A FRIA NOITE DO LOBISOMEM

Parte da minha equipe de auditores estava trabalhando em Ponta Grossa em duas empresas do grupo. Éramos ao todo seis pessoas que todas as sextas-feiras, após ter jantado, já íamos direto para a rodoviária tomar o ônibus para São Paulo que partia às 22:00 horas. Já éramos conhecidos do motorista que gostava de um bom papo. Numa dessas noites com bastante lua e frio intenso o ônibus parou após termos passado por Jaguariaíva. O motorista parou, examinou o veículo e anunciou que não poderia continuar a viagem devido ao vazamento de óleo. Precisava voltar para pedir socorro. Quando um ônibus veio em sentido contrário, ele seguiu viagem deixando conosco um funcionário da companhia. Quase todos os passageiros dormiam. Um de nossos colegas roncava que uma senhora chegou a reclamar que não podia dormir. Então, ficamos acordados eu, o Akira, a senhora e o funcionário da companhia. Resolvemos ir conversar fora do ônibus para apreciar a noite de lua cheia. A senhora não resistiu por muito tempo o frio e voltou para o ônibus. Ouvimos um uivo e comentei:

- Uivo em noite de lua cheia lembra lobisomem.

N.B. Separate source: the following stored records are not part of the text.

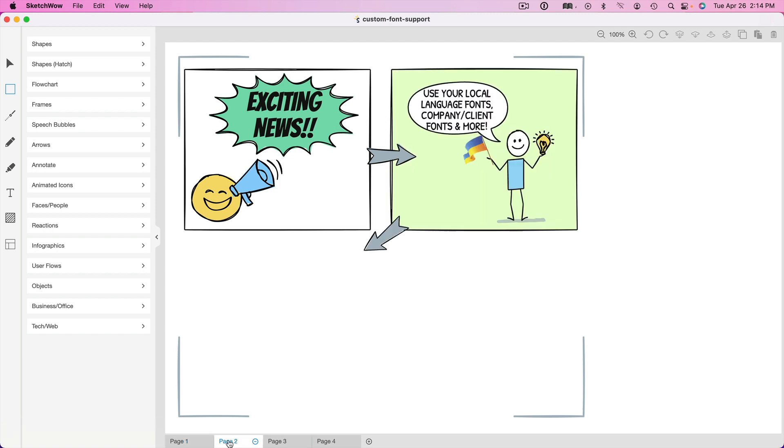Now you can use your local language fonts. I mean any fonts you use that best work with whatever language you're using, you can now use them within Sketch Wow. This is something that we've heard for weeks and weeks, people saying I need fonts that I can use in Vietnamese or in Russian or in Polish or in any other language under the sun. And we're happy to report that you can use all your system fonts that are on your computer and those will automatically be displayed within Sketch Wow as I'll show you here in just a minute.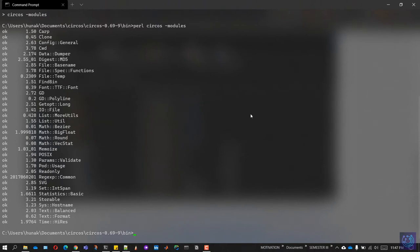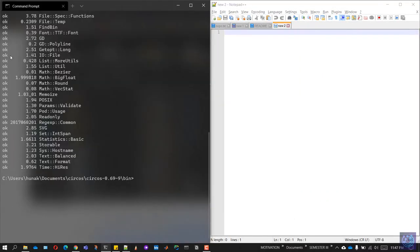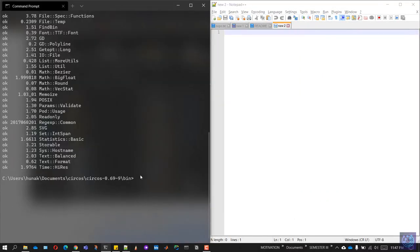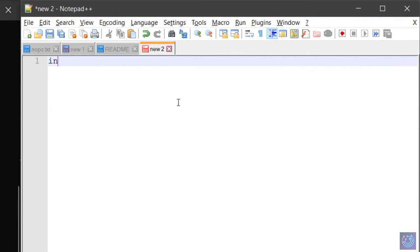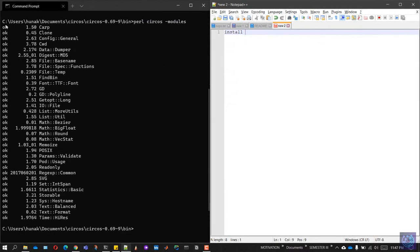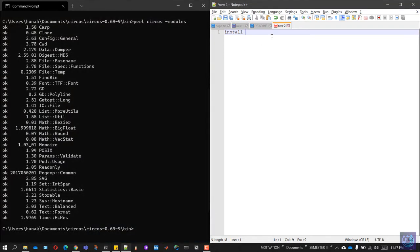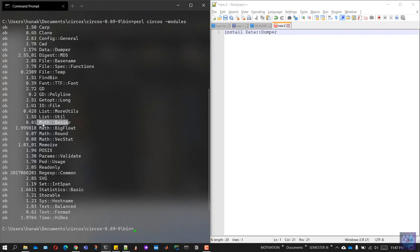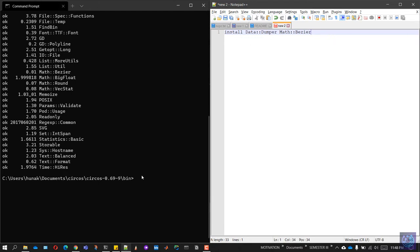To make it easier, first fire up a notepad and type in install space, and all the modules which have missing in front of them. For example, if Data Dumper is the module which is missing, copy this and paste it in the notepad. Do the same for all modules which have the tag missing adjacent to them. Paste them after adding a space, one after the other in the text file.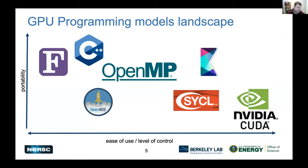A bit easier to use in several situations are directive-based models. If you've been writing OpenMP code on CPUs, it's similar — you have a set of directives that allow you to offload work as well. OpenACC is a similar story — it's a directive-based model.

Continuamos a conversa, mas sentimos também o frio e nos recolhemos. Tão logo a senhora veio conversar conosco na cabine e revelou que estava com muito medo. Perguntamos o porquê e ela respondeu que era medo de ser assaltada, pois aquela estrada era rota para Foz do Iguaçu. Ficamos de alerta, mas se fôssemos assaltados, o jeito era entregar tudo, pois nada poderíamos fazer.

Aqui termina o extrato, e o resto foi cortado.